Wywiad Stanów Zjednoczonych podejrzewa, że cztery kraje posiadają zapasy wirusa ospy. Do informacji tych dotarł amerykański dziennik "Washington Post". Według gazety wirusa ospy ma Irak i Korea Północna, czyli państwa uważane przez Amerykanów za bandyckie i nieobliczalne.

Prawdopodobnie także organizacja terrorystyczna Osamy bin Ladena próbowała wejść w posiadanie tej śmiertelnej broni biologicznej. Jednak „Washington Post uważa, że raczej jej się to nie udało.

Także Francja posiada wirus ospy. Jednak zdaniem wywiadu amerykańskiego -

francuski program ma charakter "czysto defensywny". Nie wiadomo, czy administracja Stanów Zjednoczonych zwracała się w tej sprawie o wyjaśnienia do rządu francuskiego.

Niewielkie zapasy wirusa ospy, jeszcze z czasów radzieckich, posiada też podobno Rosja.

Przekonanie Waszyngtonu, że Irak dysponuje wirusem ospy, wynika -według "Washington Post" - z materiału dowodowego, zebranego przez inspektorów rozbrojeniowych ONZ po wojnie nad Zatoką Perską z 1991 roku.

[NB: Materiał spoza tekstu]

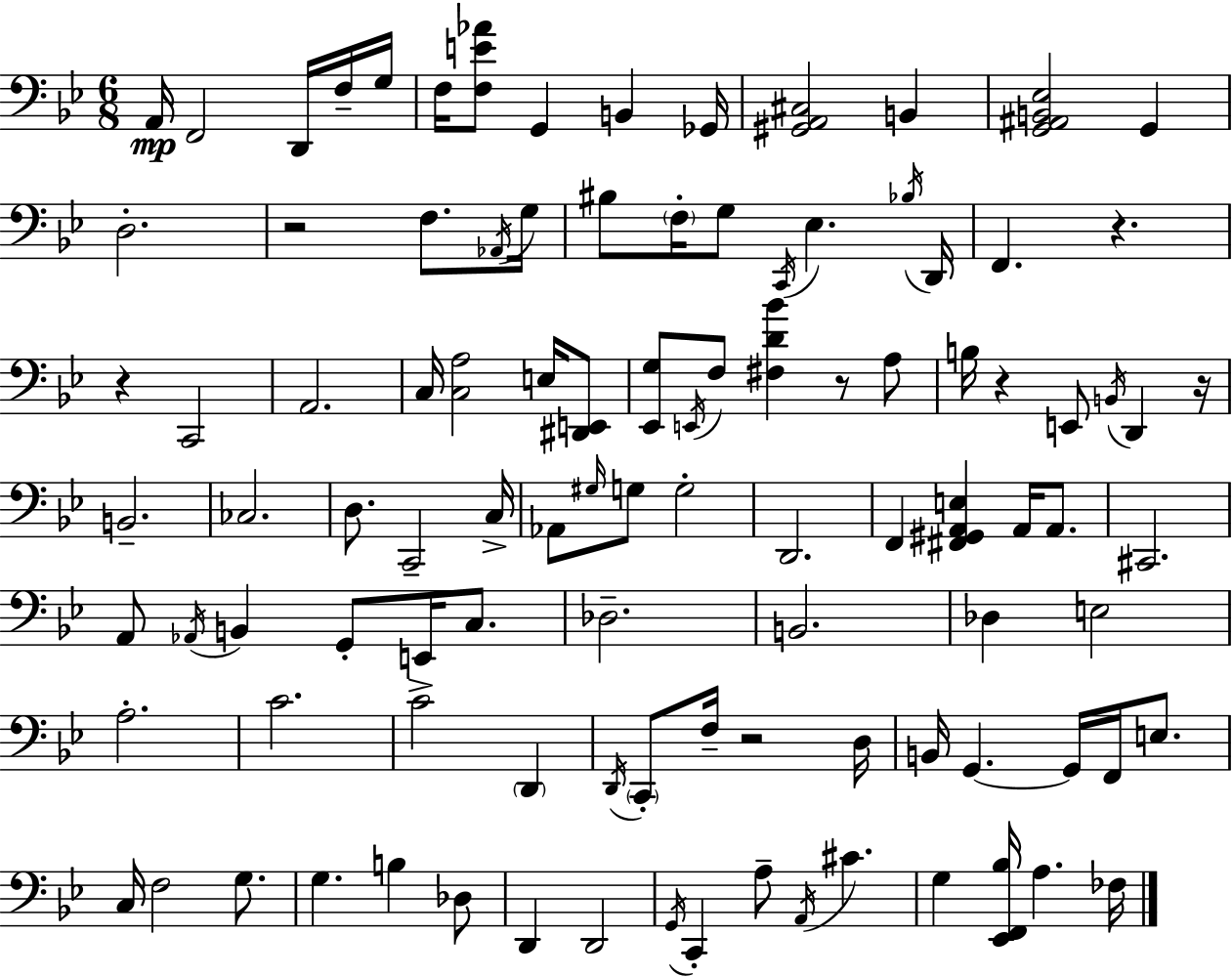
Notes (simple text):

A2/s F2/h D2/s F3/s G3/s F3/s [F3,E4,Ab4]/e G2/q B2/q Gb2/s [G#2,A2,C#3]/h B2/q [G2,A#2,B2,Eb3]/h G2/q D3/h. R/h F3/e. Ab2/s G3/s BIS3/e F3/s G3/e C2/s Eb3/q. Bb3/s D2/s F2/q. R/q. R/q C2/h A2/h. C3/s [C3,A3]/h E3/s [D#2,E2]/e [Eb2,G3]/e E2/s F3/e [F#3,D4,Bb4]/q R/e A3/e B3/s R/q E2/e B2/s D2/q R/s B2/h. CES3/h. D3/e. C2/h C3/s Ab2/e G#3/s G3/e G3/h D2/h. F2/q [F#2,G#2,A2,E3]/q A2/s A2/e. C#2/h. A2/e Ab2/s B2/q G2/e E2/s C3/e. Db3/h. B2/h. Db3/q E3/h A3/h. C4/h. C4/h D2/q D2/s C2/e F3/s R/h D3/s B2/s G2/q. G2/s F2/s E3/e. C3/s F3/h G3/e. G3/q. B3/q Db3/e D2/q D2/h G2/s C2/q A3/e A2/s C#4/q. G3/q [Eb2,F2,Bb3]/s A3/q. FES3/s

Ponadto CIA ma "sygnały" o przypadkach zachorowań na ospę z okresu wojny iracko-irańskiej w latach 80.

Oficjalnie ospa została całkowicie zwalczona w 1980 roku. Stany Zjednoczone obawiają się jednak, że niektóre kraje i ugrupowania terrorystyczne mogły zgromadzić zapasy wirusa ospy z zamiarem wykorzystania go jako broni biologicznej.